La competitividad es también parte de nuestra forma de educar. Comenzando por su propia articulación formal en etapas estandarizadas a superar con un baremo cuantitativo que premia la excelencia, entendiendo por ella el acople perfecto al modelo uniforme, y expulsa la diversidad de quien no encaja en el estándar. Aprobar o suspender, promocionar o repetir, notas cuantitativas, exámenes objetivos... son los indicadores de éxito o fracaso, por supuesto individual y en concurrencia competitiva. Pretender educar en el valor de la cooperación proporcionando una experiencia de competencia no parece la mejor manera de no olvidar el enorme peso que el hecho de colaborar va a tener, de hecho, en nuestro desarrollo personal y colectivo.

El segundo de los ejes de la necesaria transición propondría la educación como el  proceso de construcción de la ciudadanía planetaria, en lugar del actual modelo orientado a la asunción de una identidad propia y, en general, excluyente.

Todas las culturas, ideologías, tradiciones, creencias... coinciden en darle una importancia fundamental al control sobre el sistema educativo y sus contenidos, como la más importante de las claves para su propia supervivencia.  Y así el relato que las sustenta se convierte en eje transversal de los contenidos del proceso educativo. El conocimiento de la propia cultura, lengua, historia es necesario. Nuestro proceso de aprender y crecer necesita saber quién somos, dónde estamos y de dónde venimos, es un contenido que no se debe obviar. Pero de ahí a proponerlo como modelo universalmente válido hay todo un abismo. Y aún más: empeñarse en presentar esta realidad desde el "relato" que la sustenta, hacerlo de manera acrítica, dando por sentada su validez confrontada a otras culturas, lenguas e historias construye seres patrioteros, en el peor de los sentidos de esta palabra. La propia identidad, o es algo dinámico en construcción permanente y en encuentro con otras, o se convierte en un castillo a defender, en lugar de en un valor a compartir.

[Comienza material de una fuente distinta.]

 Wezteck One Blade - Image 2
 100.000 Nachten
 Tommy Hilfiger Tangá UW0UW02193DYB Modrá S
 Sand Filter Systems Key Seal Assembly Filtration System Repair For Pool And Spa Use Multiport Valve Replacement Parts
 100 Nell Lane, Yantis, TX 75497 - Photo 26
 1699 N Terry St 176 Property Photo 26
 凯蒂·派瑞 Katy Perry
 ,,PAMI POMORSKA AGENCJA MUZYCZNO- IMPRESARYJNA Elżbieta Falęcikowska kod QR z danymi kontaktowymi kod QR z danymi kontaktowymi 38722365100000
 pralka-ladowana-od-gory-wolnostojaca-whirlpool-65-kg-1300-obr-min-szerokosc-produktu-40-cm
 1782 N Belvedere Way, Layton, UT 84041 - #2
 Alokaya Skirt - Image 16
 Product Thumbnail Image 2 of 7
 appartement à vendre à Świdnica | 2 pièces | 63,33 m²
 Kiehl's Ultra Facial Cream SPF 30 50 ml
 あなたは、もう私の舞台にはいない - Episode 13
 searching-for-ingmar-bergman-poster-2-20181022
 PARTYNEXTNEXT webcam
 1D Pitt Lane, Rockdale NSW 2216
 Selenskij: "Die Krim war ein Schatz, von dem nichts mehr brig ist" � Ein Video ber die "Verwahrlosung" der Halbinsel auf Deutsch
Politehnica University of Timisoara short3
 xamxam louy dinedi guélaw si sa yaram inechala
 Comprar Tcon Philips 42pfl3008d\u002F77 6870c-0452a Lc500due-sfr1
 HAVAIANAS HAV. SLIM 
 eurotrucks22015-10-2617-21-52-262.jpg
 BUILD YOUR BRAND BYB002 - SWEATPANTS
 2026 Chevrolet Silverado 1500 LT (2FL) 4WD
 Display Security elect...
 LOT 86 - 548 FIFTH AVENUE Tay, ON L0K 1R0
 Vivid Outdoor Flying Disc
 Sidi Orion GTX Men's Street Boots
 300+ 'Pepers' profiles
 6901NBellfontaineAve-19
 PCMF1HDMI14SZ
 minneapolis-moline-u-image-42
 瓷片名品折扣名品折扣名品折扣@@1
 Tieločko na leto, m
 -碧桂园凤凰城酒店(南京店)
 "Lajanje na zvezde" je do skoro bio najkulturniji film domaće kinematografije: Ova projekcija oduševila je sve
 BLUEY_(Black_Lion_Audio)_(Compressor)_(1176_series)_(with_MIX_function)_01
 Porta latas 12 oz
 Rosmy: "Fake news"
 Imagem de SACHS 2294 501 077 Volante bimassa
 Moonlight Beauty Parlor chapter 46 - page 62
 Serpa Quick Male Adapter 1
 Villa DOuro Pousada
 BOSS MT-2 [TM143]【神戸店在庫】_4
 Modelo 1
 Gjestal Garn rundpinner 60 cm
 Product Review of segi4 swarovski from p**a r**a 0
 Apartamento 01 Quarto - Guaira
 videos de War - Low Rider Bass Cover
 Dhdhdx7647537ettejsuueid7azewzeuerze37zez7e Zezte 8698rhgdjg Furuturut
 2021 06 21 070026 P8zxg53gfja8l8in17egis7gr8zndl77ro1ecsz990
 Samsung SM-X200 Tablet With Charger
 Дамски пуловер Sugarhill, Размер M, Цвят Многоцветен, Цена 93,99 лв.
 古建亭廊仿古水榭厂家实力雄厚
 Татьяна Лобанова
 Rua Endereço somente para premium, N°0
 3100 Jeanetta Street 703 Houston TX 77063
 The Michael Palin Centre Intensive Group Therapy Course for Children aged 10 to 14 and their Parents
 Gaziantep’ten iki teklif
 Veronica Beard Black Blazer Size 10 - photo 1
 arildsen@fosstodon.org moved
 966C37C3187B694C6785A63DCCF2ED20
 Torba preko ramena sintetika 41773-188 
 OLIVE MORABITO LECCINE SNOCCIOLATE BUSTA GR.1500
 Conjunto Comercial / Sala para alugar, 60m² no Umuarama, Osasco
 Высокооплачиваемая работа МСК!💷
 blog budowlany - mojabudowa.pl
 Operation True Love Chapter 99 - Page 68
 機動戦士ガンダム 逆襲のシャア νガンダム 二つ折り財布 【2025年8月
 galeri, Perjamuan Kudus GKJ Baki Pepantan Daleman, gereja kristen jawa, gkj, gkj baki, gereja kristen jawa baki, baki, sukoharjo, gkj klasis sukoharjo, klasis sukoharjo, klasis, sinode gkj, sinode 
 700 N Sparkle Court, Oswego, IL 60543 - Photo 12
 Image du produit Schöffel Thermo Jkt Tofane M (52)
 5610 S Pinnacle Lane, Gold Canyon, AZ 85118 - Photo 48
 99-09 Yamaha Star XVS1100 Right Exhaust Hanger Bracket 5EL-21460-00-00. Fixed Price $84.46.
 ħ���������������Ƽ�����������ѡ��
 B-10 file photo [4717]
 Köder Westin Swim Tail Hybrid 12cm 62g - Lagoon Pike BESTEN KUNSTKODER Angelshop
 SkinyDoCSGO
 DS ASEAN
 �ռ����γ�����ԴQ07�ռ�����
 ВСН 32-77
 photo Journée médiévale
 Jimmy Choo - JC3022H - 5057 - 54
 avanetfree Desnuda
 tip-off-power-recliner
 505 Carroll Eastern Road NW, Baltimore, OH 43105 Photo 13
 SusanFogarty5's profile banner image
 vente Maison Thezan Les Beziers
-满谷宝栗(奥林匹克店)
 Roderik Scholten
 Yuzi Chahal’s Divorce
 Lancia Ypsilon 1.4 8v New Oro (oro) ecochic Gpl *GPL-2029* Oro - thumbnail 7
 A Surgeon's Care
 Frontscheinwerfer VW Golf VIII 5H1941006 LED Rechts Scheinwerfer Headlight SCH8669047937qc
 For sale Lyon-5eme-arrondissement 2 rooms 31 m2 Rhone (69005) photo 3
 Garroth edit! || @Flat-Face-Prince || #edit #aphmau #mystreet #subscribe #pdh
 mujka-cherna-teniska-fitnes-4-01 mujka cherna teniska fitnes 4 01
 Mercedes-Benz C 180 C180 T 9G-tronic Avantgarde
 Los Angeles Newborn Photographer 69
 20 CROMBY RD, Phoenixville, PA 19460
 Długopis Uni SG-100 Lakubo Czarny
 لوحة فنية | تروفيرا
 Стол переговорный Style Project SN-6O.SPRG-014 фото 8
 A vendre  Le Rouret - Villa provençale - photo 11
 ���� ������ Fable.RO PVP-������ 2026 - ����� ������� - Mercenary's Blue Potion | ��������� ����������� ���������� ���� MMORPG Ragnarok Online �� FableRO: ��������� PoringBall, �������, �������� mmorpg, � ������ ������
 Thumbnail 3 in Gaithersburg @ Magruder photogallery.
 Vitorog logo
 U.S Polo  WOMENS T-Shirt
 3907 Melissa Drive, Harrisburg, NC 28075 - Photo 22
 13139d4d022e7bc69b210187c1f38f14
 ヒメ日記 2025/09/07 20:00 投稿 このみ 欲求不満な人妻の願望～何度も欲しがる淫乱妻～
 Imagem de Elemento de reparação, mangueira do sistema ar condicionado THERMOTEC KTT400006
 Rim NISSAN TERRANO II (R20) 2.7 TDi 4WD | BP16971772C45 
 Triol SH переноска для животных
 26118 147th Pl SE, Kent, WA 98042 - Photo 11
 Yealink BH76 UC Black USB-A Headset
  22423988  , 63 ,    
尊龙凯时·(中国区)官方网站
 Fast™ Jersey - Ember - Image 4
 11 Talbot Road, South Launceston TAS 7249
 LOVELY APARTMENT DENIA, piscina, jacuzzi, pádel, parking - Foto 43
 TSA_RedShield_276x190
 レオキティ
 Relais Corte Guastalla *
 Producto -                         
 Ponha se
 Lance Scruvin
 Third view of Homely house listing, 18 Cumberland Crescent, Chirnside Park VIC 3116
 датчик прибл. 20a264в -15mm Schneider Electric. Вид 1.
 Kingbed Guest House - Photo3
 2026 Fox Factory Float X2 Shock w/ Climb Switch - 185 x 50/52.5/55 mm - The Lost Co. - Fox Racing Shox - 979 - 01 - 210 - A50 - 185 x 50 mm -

Por otra parte, el actual modelo educativo se construye desde la falsa idea de la primacía jerárquica de lo humano, del posicionarnos como especie en la cúspide de una pirámide que nos da derechos de uso y abuso sobre todas las demás y sobre el planeta que habitamos. La transición ecológica de la educación debe resituarnos en el lugar real que nos corresponde, que no es sino el ser un hebra más de la trama de la vida, interdependiente de las demás y del medio.

Dos transiciones necesarias y urgentes que conforman un programa novedoso e imprescindible para avanzar en una educación al servicio de las personas y no del mercado, y que apueste por el desarrollo integral de nuestro ser, a la vez y de manera inseparable, individuo, sociedad y especie.